WHAT YOU HAVE TO DO:
An exact transcription is needed of the lines below from the one with "Tablou - Scară (120x50 cm)" through the one with "2 Bedroom Semi-Detached", with no other lines and no pictures.

SUPPLIED INFORMATION:
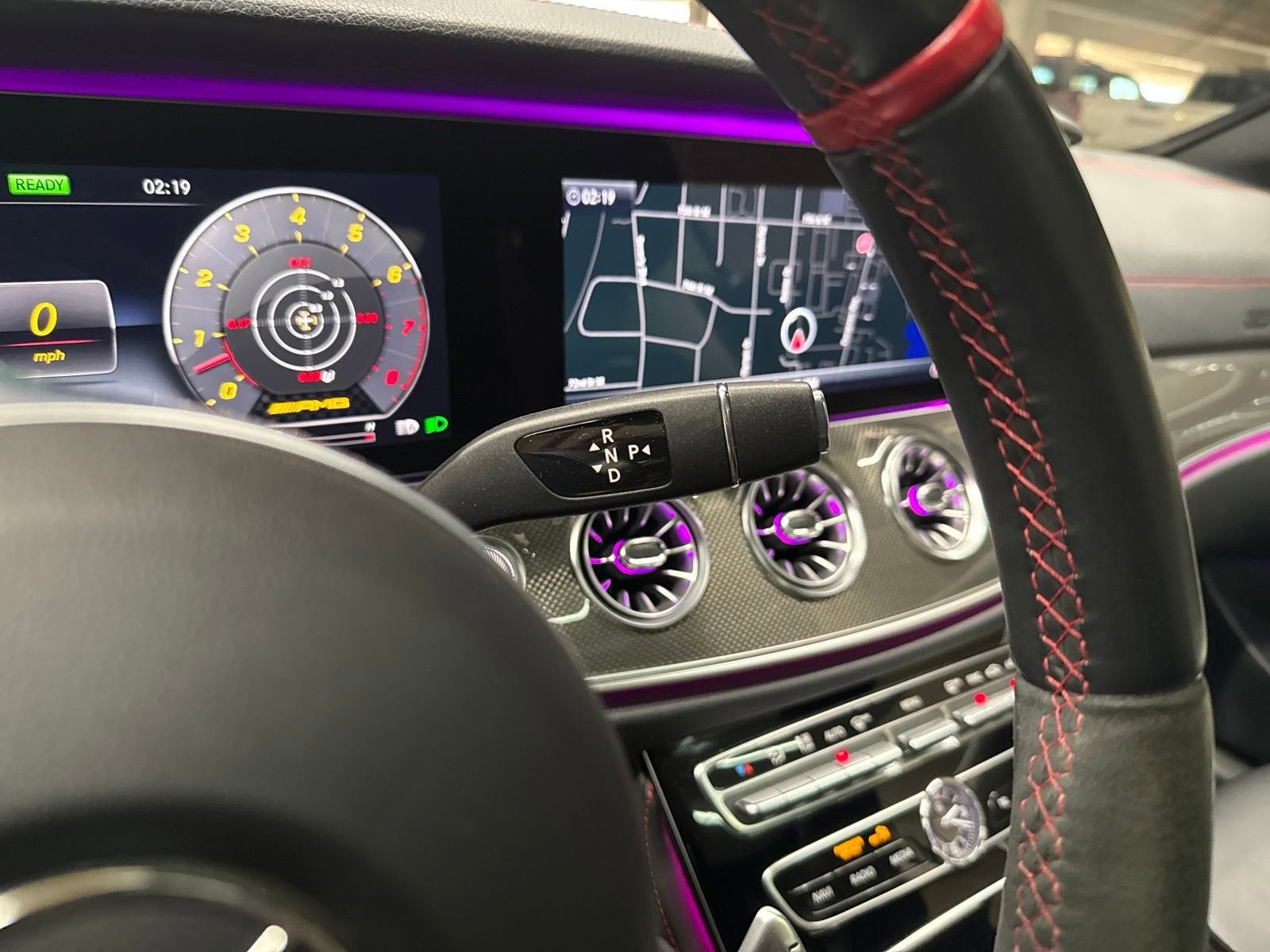 2020 Mercedes-Benz AMG® E 53 4MATIC®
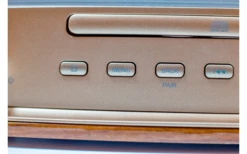 Soundmaster DAB970 DAB+ / UKW Digitalradio Mit CD/MP3 Bluetooth Schwarz -Energie Sat Anlagen Geschaft 752643 5024841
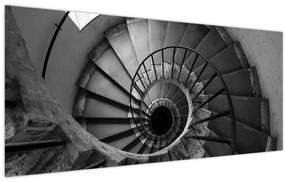 Tablou - Scară (120x50 cm)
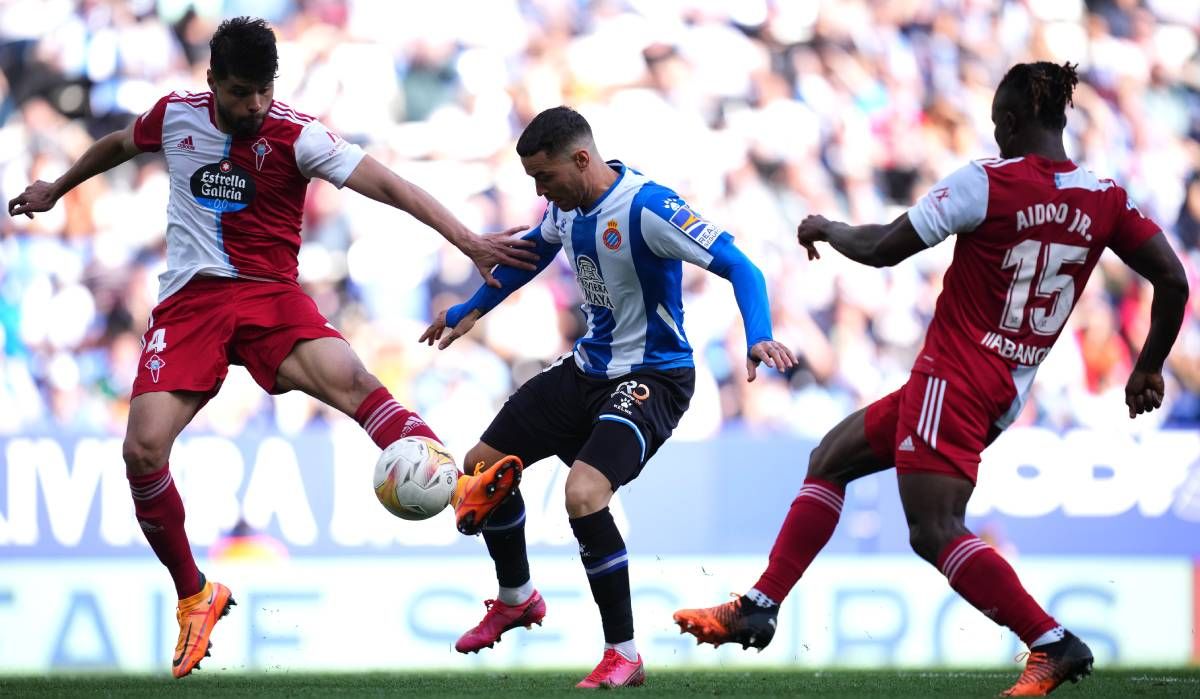 RCD Espanyol vs RC Celta De Vigo at RCDE Stadium, 15 February | Event in Barcelona | AllEvents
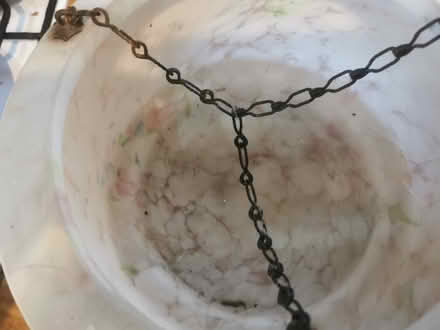 Photo of free Glass Lampshade (Saltaire BD18) #3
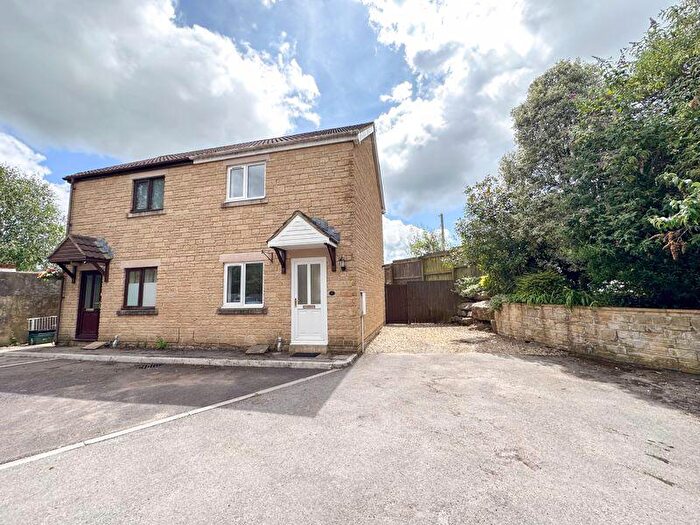 2 Bedroom Semi-Detached House For Sale In Millennium Close, Stoke St. Michael, BA3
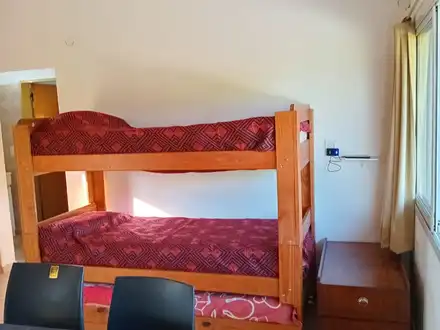 Alquiler temporario de departamento en San antonio de arredondo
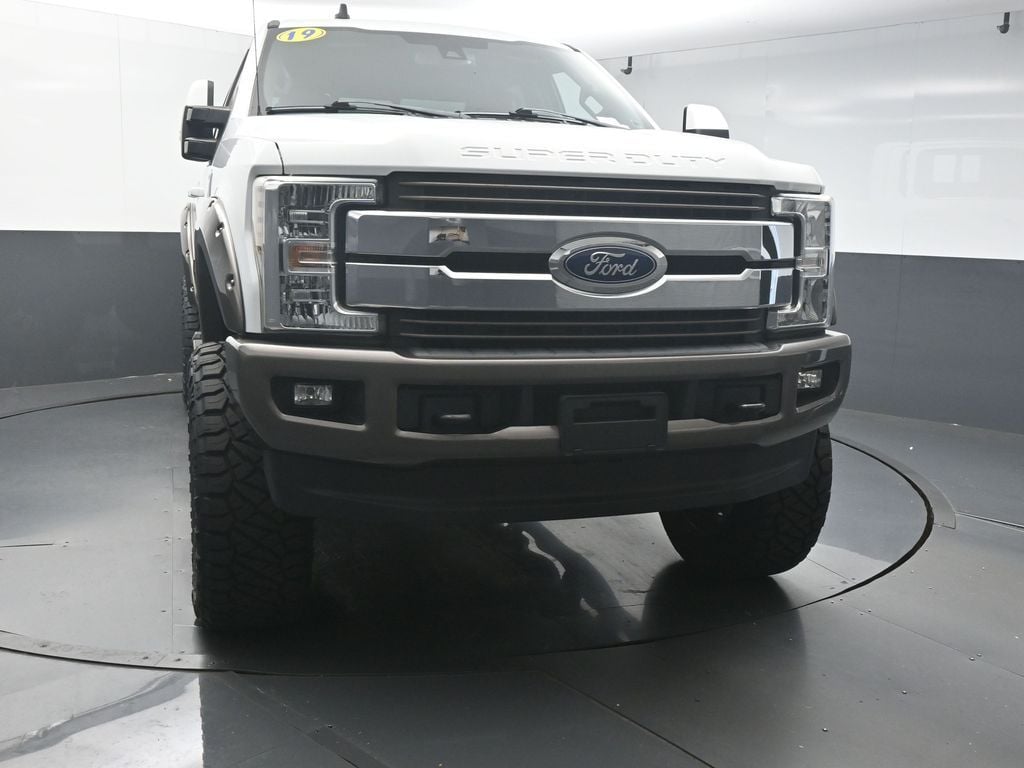 Used 2019 Ford F-250SD King Ranch Truck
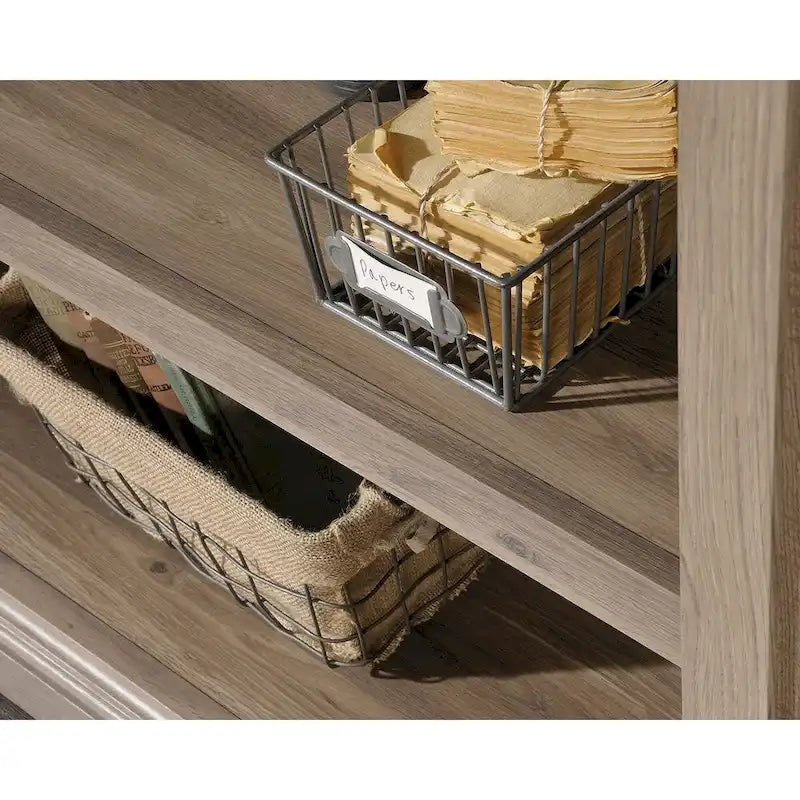 2 Shelf Bookcase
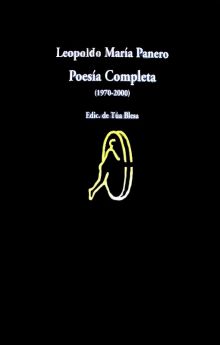 POESIA COMPLETA 1970 2000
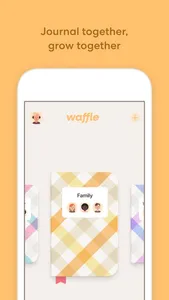 Waffle: Shared Journal screenshot 1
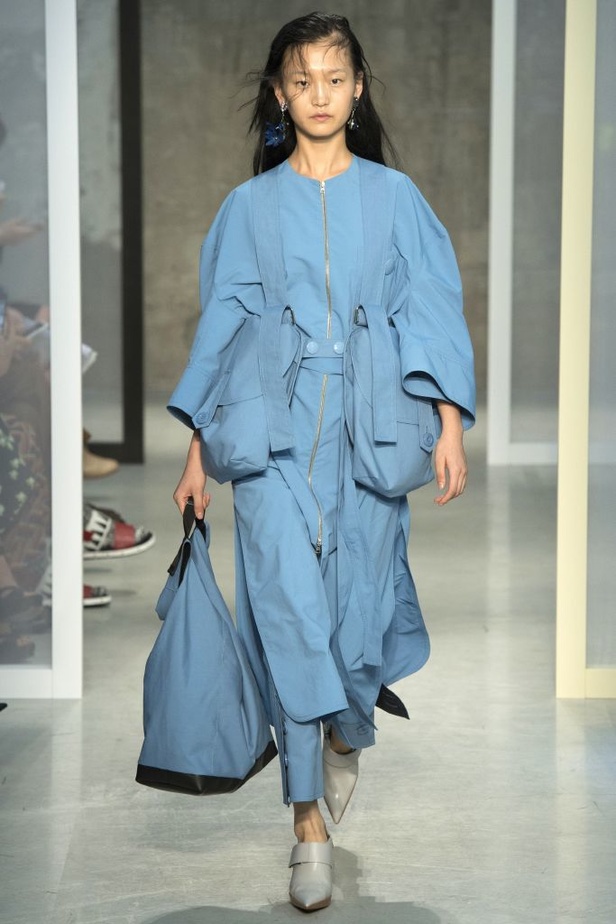 مجموعة Marni لربيع وصيف 2017..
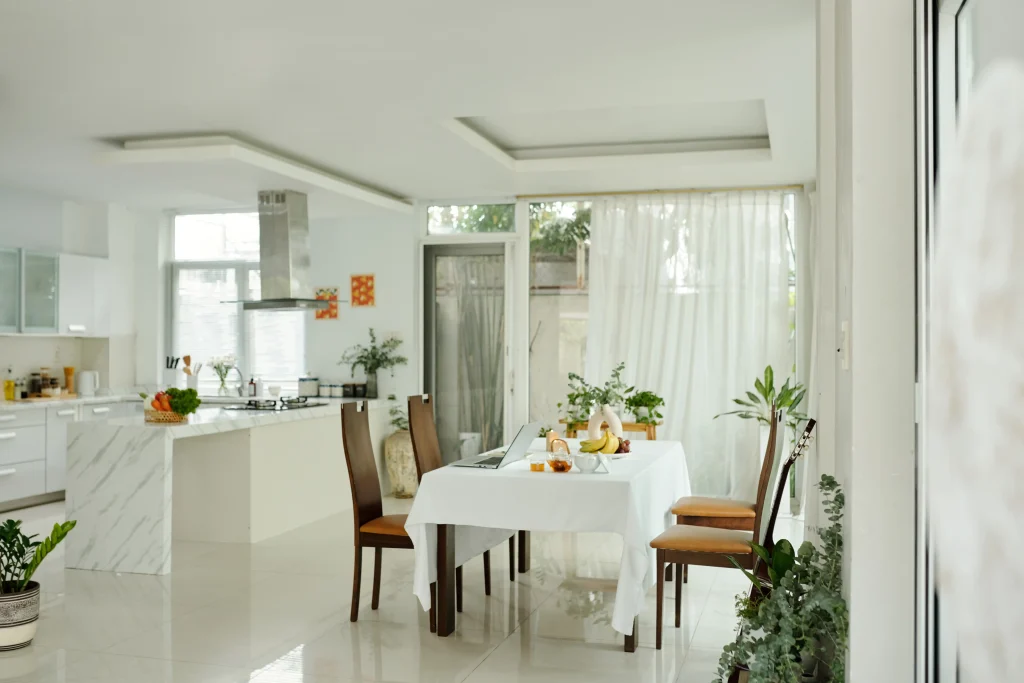 Residential Cleaning Service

EXERCISE OUTPUT:
 Tablou - Scară (120x50 cm)
 RCD Espanyol vs RC Celta De Vigo at RCDE Stadium, 15 February | Event in Barcelona | AllEvents
 Photo of free Glass Lampshade (Saltaire BD18) #3
 2 Bedroom Semi-Detached House For Sale In Millennium Close, Stoke St. Michael, BA3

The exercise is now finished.